Não deixa de ser curioso que os oponentes à ratificação do «Tratado que institui uma Constituição para a Europa» sustentem os seus pontos de vista no argumento de que a construção comunitária deve ter exclusivamente uma natureza económica e mercantil, prescindindo, portanto, de uma dimensão política.

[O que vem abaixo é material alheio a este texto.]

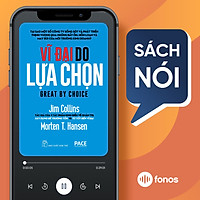 Sách nói: Vĩ Đại Do Lựa Chọn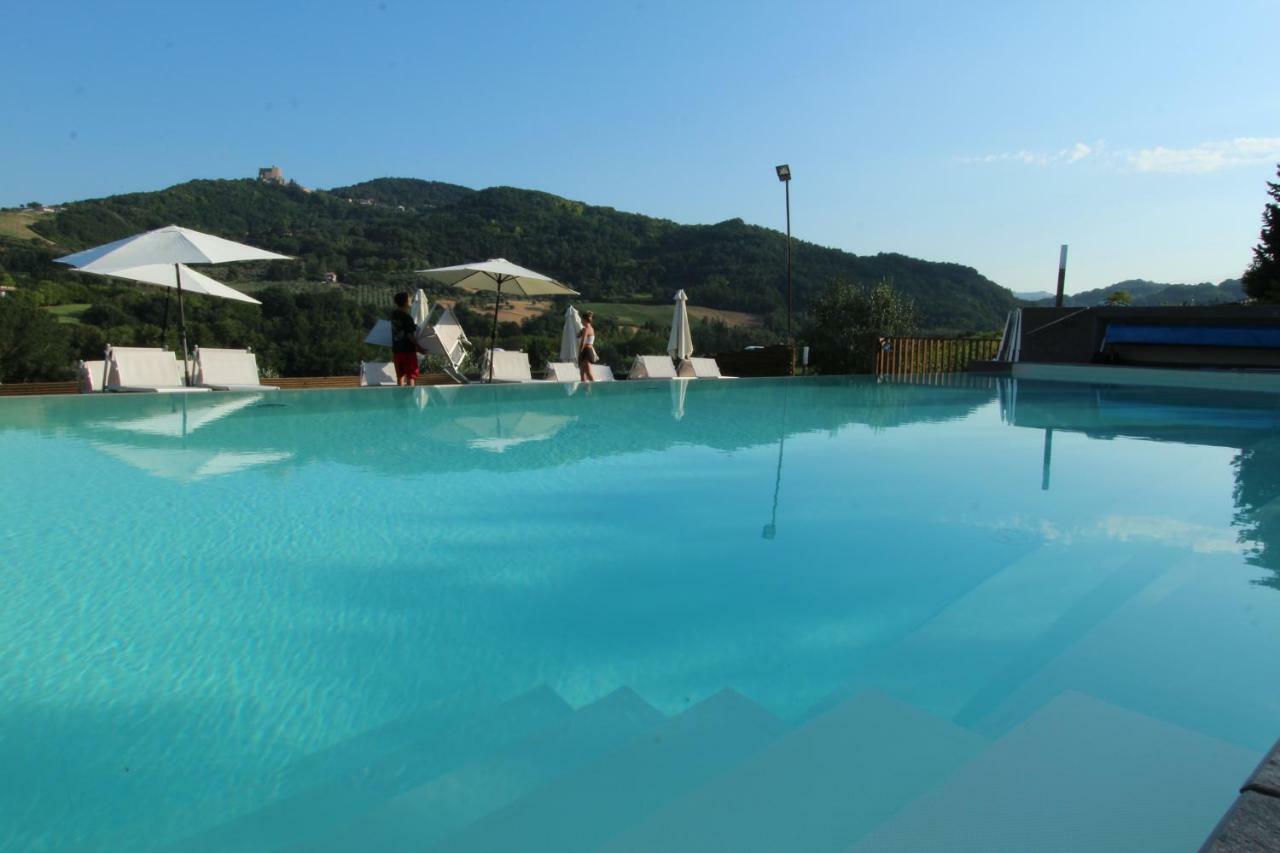 הוילה Il Vecchio Gelso - Agriturismo Rimini Montefiore Conca מראה חיצוני תמונה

Obviamente que nem um processo de integração económica poderá, entre Estados que eram soberanos, prescindir de laços de dependência política, nem a diminuição de soberania económica, que um mercado sem fronteiras forçosamente comporta, é concebível sem a alienação de parcelas significativas de «ius imperii».
O ponto é, porém, outro.
É que, ao contrário do que supõem os partidários do «não», neste momento e desde o início das Comunidades, existe uma verdadeira Constituição política da União Europeia, que se aplica a todos quantos integram o espaço comunitário. Com a agravante de as suas normas estarem dispersas por fontes tão variadas como os Tratados instituidores e de revisão das Comunidades e da União, a jurisprudência do Tribunal de Justiça comunitário, e usos e praxes constitucionais que se foram desenvolvendo ao longo das últimas décadas. A confusão é, por conseguinte, imensa, e ninguém sabe exactamente porque regras se conduz a União Europeia, o que pode permitir abusos e atropelos por parte dos Estados mais fortes. Alguém, por exemplo, saberá apontar em que Tratado comunitário se encontra consagrado o princípio da aplicação directa do direito comunitário? Ou a regra segundo a qual cada um dos cinco grandes Estados-membros terá direito a dois Comissários, enquanto que os considerados pequenos apenas poderão beneficiar de um só? A resposta é simples: estas regras não estão em Tratado algum. Resultaram de interpretações jurisprudenciais e de costumes gerados pelo Conselho. Mas não poderá dizer-se que foram directamente os Estados que as consagraram, em exercício da sua soberania.
Ora, este é o problema: a falta de um texto constitucional uniforme levou a que a Europa comunitária fosse crescendo e desenvolvendo regras estruturantes, isto é, constitucionais, muitas vezes e na melhor das hipóteses, para além da vontade dos Estados.
Como é da boa tradição liberal a defesa da Constituição impõe-se, desde logo, para evitar abusos do poder político e para conformar a sua actuação com base em regras gerais e abstractas conhecidas por todos. Por isso, a defesa de uma Constituição Europeia é vital para a transparência do funcionamento político da União, e para a salvaguarda dos direitos dos seus Estados e dos cidadãos que os integram. Saber se o texto que vai a referendo é o mais conveniente ou não, é já outro tipo de problema. Por mim, que conheço razoavelmente o seu conteúdo, não a vejo muito diferente das normas dos Tratados em vigor. A parte relativa ao Mercado Único, por exemplo, é praticamente decalcada do Tratado da Comunidade Europeia. De todo o modo, ainda que existissem algumas alterações, entre esta proposta de Constituição formal e a subsistência da actual situação, não tenho qualquer dúvida em preferir a primeira hipótese. A bem da liberdade e da transparência política.